Dueling memory-management performance regressions

By Jonathan Corbet
June 14, 2019

The 2019 Linux Storage, Filesystem, and Memory-Management Summit included a detailed discussion about a memory-management fix that addressed one performance regression while causing another. That fix, which was promptly reverted, is still believed by most memory-management developers to implement the correct behavior, so a patch posted by Andrea Arcangeli in early May has relatively broad support. That patch remains unapplied as of this writing, but the discussion surrounding it has continued at a slow pace over the last month. Memory-management subsystem maintainer Andrew Morton is faced with a choice: which performance regression is more important?
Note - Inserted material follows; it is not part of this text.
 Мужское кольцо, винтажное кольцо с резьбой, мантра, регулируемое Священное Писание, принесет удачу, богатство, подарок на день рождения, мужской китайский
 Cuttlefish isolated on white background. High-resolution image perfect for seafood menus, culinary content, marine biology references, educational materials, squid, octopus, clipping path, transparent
The behavior in question relates to the intersection of transparent huge pages and NUMA policy. Ever since this commit from Aneesh Kumar in 2015, the kernel will, for memory areas where madvise(MADV_HUGEPAGE) has been called, attempt to allocate huge pages exclusively on the current NUMA node. It turns out that the kernel will try so hard that it will go into aggressive reclaim and compaction on that node, forcing out other pages, even if free memory exists on other nodes in the system. In essence, enabling transparent huge pages for a range of memory has become an equivalent to binding that memory to a single NUMA node. The result, as observed by many, can be severe swap storms and a dramatic loss of performance.

In an attempt to fix this problem, Arcangeli applied a patch in November 2018 that loosened the tight binding to the current node. But, it turned out, some workloads want that binding behavior. Local huge pages will perform better than huge pages on a remote node; even local small pages tend to be better than remote huge pages. For some tasks, the performance penalty for using remote pages is high enough that it is worth going to great lengths — even enduring a swap storm at application startup — to avoid it. No such workload has been publicly posted, but the patch was reverted by David Rientjes in December after a huge discussion.
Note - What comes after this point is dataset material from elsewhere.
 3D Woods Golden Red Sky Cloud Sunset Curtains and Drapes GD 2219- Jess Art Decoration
The problem is that far more users appear to be affected by the swap storms than by non-local huge pages; if nothing else, the former problem is far easier to notice than the latter. So a number of distributions have reverted the revert, causing their kernels to have significantly different behavior than mainline kernels. The feeling that the reverting of Arcangeli's patch was a mistake appears to have grown over time, leading to the current attempt to reapply the patch and prioritize swap-storm avoidance over huge-page locality.

While most developers appear to support this change, not all do. In particular, Rientjes is strongly in favor of retaining the current behavior:

We are going in circles, *yes* there is a problem for potential swap storms today because of the poor interaction between memory compaction and directed reclaim but this is a result of a poor API that does not allow userspace to specify that its workload really will span multiple sockets so faulting remotely is the best course of action. The fix is not to cause regressions for others who have implemented a userspace stack that is based on the past 3+ years of long standing behavior or for specialized workloads where it is known that it spans multiple sockets so we want some kind of different behavior.
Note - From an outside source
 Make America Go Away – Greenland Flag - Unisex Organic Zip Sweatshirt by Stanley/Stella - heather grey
Rientjes argued that the kernel does not currently provide an API that is adequate for all workloads to specify the behavior they need. He would rather see the addition of a prctl() call that would let an application say explicitly that its working set will not fit into a single node; after this call has been made, the kernel would allocate huge pages from remote nodes if need be. Various other calls could also be added to give applications (and administrators) more control over NUMA allocation policy for huge pages in particular.

There is little disagreement over whether the API should be improved, at least in principle. But, as Morton pointed out: "Implementing a new API doesn't help existing userspace which is hurting from the problem which this patch addresses". He, too, seems to believe that it would be better to address the swap-storm issue now, then work later to address the needs of applications that absolutely cannot live with remote huge-page allocations.

Rientjes is adamant that the current semantics should be preserved, though. He has some thoughts on how the allocator could be changed to improve its behavior, mostly focused on avoiding aggressive reclaim in situations where it is unlikely to help. Michal Hocko worried that the proposed changes would make transparent huge-page allocation less effective in general, and pointed out that tweaking the allocator leaves the core problem unaddressed:

And really, fundamental problem here is that MADV_HUGEPAGE has gained a NUMA semantic without a due scrutiny leading to a broken interface with side effects that are simply making the interface unusable for a large part of usecases that the madvise was originally designed for. Until we find an agreement on this point we will be looping in a dead end discussion, I am afraid.

The discussion has also not been helped by the fact that Rientjes has not posted an example of a workload that suffers with Arcangeli's patch applied. The closest he came ("induce node local fragmentation (easiest to do by injecting a kernel module), do MADV_HUGEPAGE over a large range, fault, and measure random access latency") proved to be somewhat unsatisfying. Without a workload to test against, other developers cannot know whether their changes make things better or worse, or even how severe the problem actually is. Hocko, for example, believes that the NUMA balancing built into the kernel now should straighten out workloads that may have initially had huge pages allocated on remote nodes, but nobody can demonstrate whether that is true or not. This has led Mel Gorman to complain:

I find it amazing that you think leaving users with trivial to reproduce swap storms is acceptable until some unreproducible workload can be fixed with some undefined set of unimplemented memory policies.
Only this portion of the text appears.